• **What to work on**:
Please reproduce verbatim the lines below, from the first through the one with "Delaware River Bonded".

Top of Task material

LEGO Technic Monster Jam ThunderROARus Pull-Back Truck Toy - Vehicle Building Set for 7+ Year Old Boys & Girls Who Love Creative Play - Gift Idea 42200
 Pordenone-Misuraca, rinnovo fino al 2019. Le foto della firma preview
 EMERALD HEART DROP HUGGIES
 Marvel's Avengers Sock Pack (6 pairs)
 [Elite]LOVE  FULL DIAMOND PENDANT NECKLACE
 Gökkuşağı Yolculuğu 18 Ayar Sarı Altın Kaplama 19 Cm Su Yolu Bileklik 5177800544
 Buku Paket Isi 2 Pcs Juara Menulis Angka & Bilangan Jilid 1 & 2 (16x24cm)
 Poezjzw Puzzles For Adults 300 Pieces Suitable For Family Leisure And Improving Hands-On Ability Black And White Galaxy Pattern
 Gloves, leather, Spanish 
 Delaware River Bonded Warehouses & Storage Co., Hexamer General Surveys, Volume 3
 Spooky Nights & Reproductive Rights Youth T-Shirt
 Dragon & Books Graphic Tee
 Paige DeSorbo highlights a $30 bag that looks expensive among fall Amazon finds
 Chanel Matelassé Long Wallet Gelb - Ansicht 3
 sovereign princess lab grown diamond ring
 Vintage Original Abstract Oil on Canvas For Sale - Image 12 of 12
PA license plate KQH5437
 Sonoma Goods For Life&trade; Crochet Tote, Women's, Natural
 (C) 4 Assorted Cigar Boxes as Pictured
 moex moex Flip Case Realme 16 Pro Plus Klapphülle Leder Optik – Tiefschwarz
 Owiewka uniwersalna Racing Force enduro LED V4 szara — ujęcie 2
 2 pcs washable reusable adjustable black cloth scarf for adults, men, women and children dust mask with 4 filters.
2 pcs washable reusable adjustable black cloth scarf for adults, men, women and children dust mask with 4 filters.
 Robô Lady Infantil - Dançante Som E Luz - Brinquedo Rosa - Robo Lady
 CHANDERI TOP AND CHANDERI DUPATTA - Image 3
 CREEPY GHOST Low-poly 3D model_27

Bottom of Task material

• **Solution to the exercise**:
LEGO Technic Monster Jam ThunderROARus Pull-Back Truck Toy - Vehicle Building Set for 7+ Year Old Boys & Girls Who Love Creative Play - Gift Idea 42200
 Pordenone-Misuraca, rinnovo fino al 2019. Le foto della firma preview
 EMERALD HEART DROP HUGGIES
 Marvel's Avengers Sock Pack (6 pairs)
 [Elite]LOVE  FULL DIAMOND PENDANT NECKLACE
 Gökkuşağı Yolculuğu 18 Ayar Sarı Altın Kaplama 19 Cm Su Yolu Bileklik 5177800544
 Buku Paket Isi 2 Pcs Juara Menulis Angka & Bilangan Jilid 1 & 2 (16x24cm)
 Poezjzw Puzzles For Adults 300 Pieces Suitable For Family Leisure And Improving Hands-On Ability Black And White Galaxy Pattern
 Gloves, leather, Spanish 
 Delaware River Bonded Warehouses & Storage Co., Hexamer General Surveys, Volume 3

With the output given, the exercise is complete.